**INSTRUCTIONS FOR THE TASK**
I would like the lines below, from the one with "DOITOOL 2pièces Housse" through the one with "Dalton Denim Skirt", copied exactly and without any pictures.

── THE DATA ──

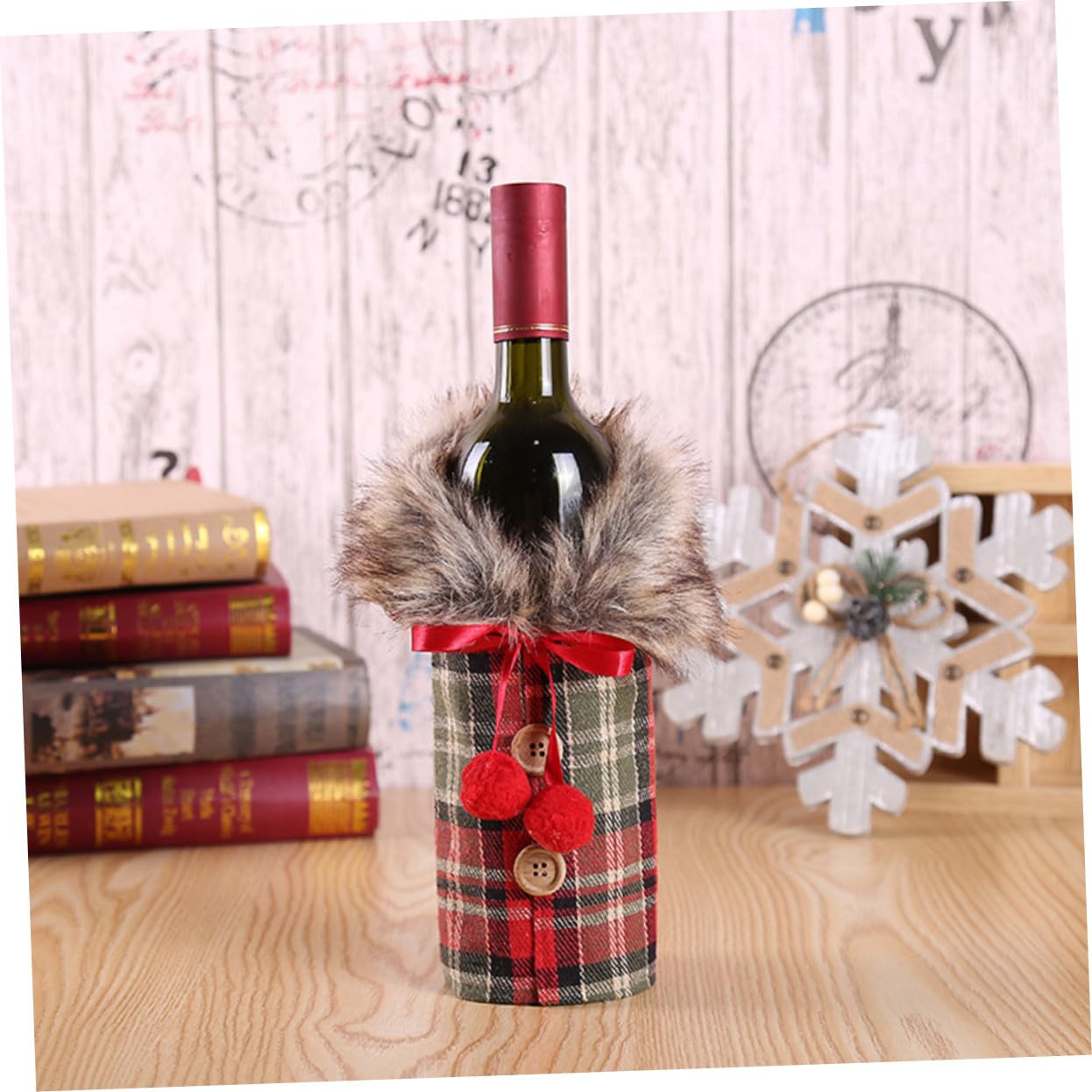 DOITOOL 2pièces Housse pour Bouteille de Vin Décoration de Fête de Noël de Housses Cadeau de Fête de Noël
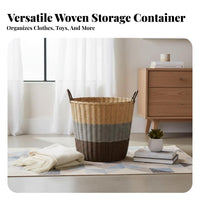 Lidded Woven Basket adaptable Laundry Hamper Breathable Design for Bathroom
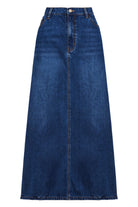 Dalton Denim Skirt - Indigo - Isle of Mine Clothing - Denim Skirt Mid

───
── THE DATA ──

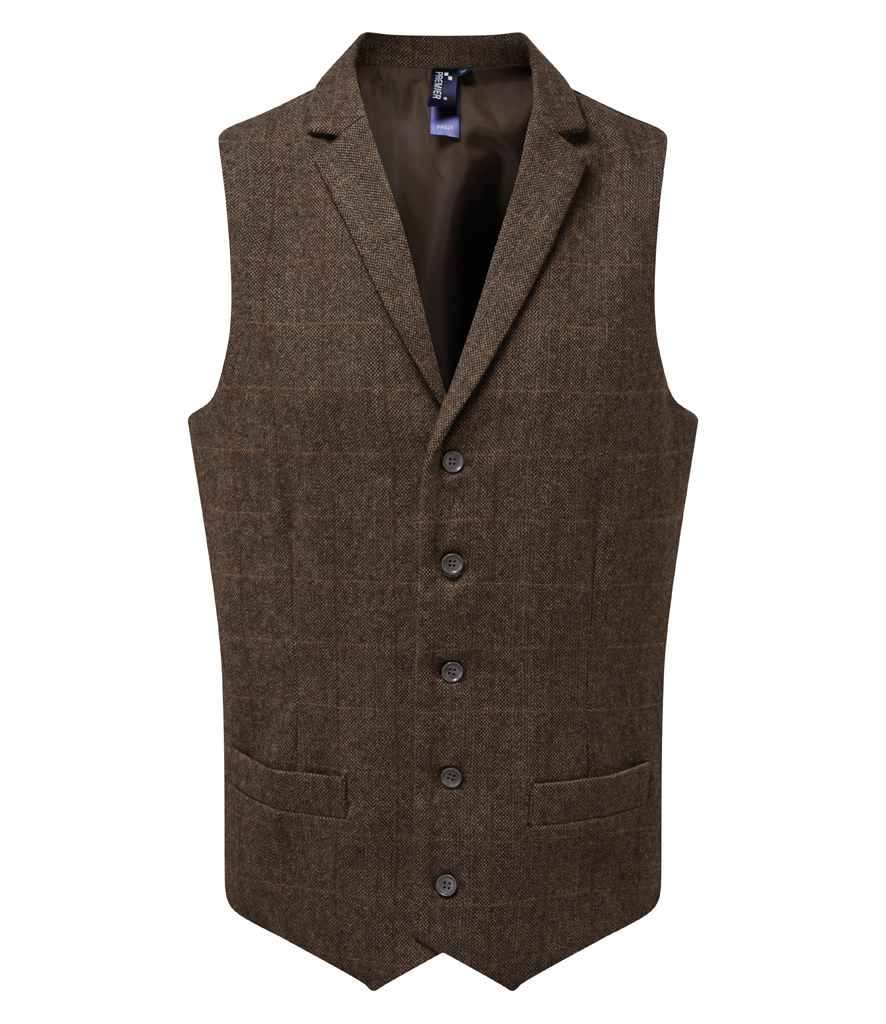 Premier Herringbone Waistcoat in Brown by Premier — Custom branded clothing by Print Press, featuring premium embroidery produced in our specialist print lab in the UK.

───

**ANSWER FOR THE TASK**
 DOITOOL 2pièces Housse pour Bouteille de Vin Décoration de Fête de Noël de Housses Cadeau de Fête de Noël
 Lidded Woven Basket adaptable Laundry Hamper Breathable Design for Bathroom
 Dalton Denim Skirt - Indigo - Isle of Mine Clothing - Denim Skirt Mid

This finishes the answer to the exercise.